Task:
Retype the listing below exactly, pictures removed.

Supplied entries:
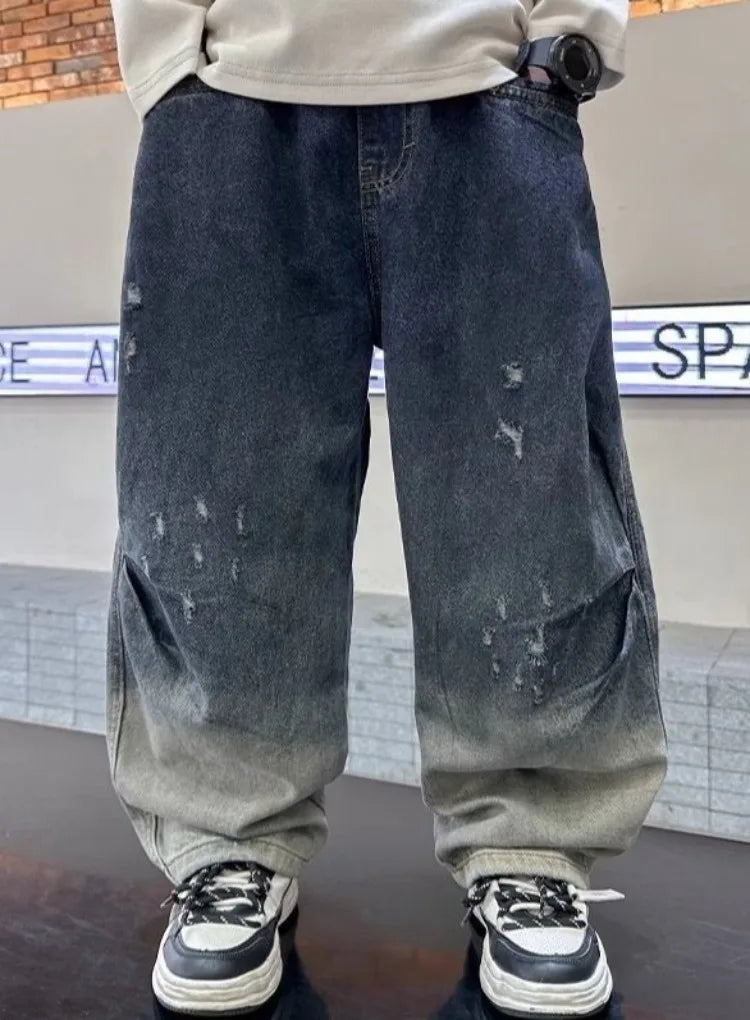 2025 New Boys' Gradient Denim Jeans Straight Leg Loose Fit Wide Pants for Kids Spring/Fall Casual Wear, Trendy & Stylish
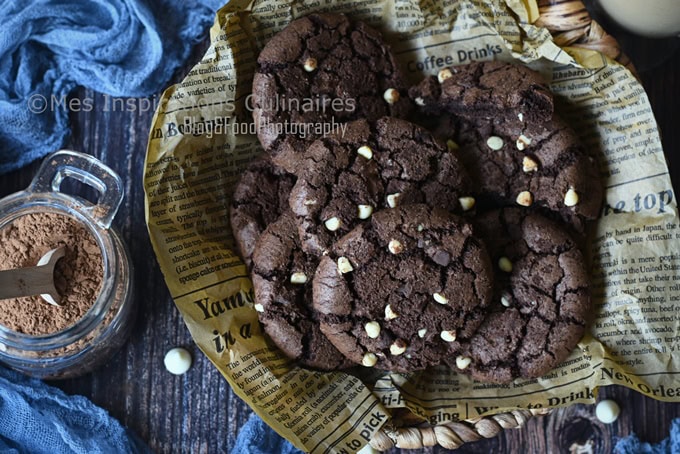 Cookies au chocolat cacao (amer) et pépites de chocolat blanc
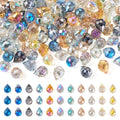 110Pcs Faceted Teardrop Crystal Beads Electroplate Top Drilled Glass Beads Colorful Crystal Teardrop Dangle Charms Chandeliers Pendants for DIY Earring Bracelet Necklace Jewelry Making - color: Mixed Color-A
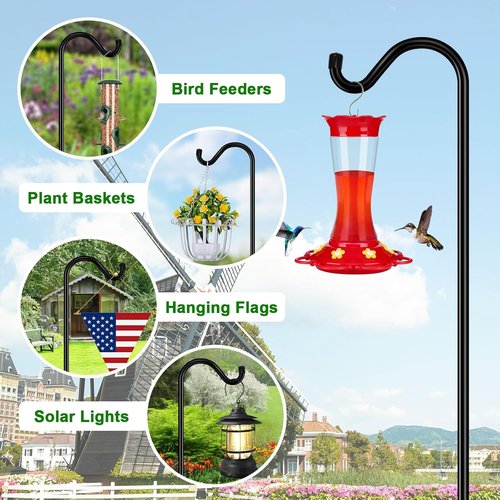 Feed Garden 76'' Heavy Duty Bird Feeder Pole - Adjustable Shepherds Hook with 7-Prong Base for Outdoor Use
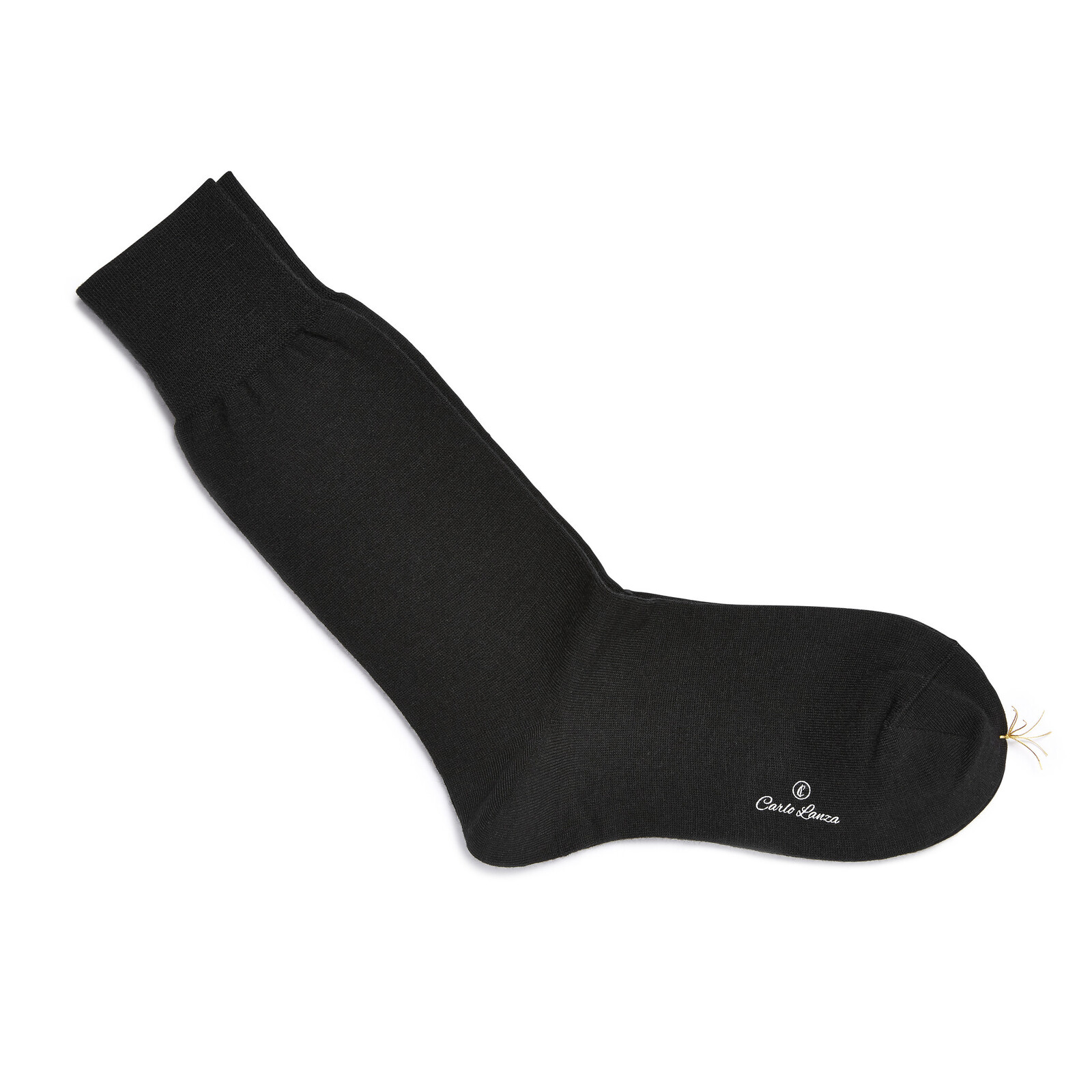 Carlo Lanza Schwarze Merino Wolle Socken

Written reply:
 2025 New Boys' Gradient Denim Jeans Straight Leg Loose Fit Wide Pants for Kids Spring/Fall Casual Wear, Trendy & Stylish
 Cookies au chocolat cacao (amer) et pépites de chocolat blanc
 110Pcs Faceted Teardrop Crystal Beads Electroplate Top Drilled Glass Beads Colorful Crystal Teardrop Dangle Charms Chandeliers Pendants for DIY Earring Bracelet Necklace Jewelry Making - color: Mixed Color-A
 Feed Garden 76'' Heavy Duty Bird Feeder Pole - Adjustable Shepherds Hook with 7-Prong Base for Outdoor Use
 Carlo Lanza Schwarze Merino Wolle Socken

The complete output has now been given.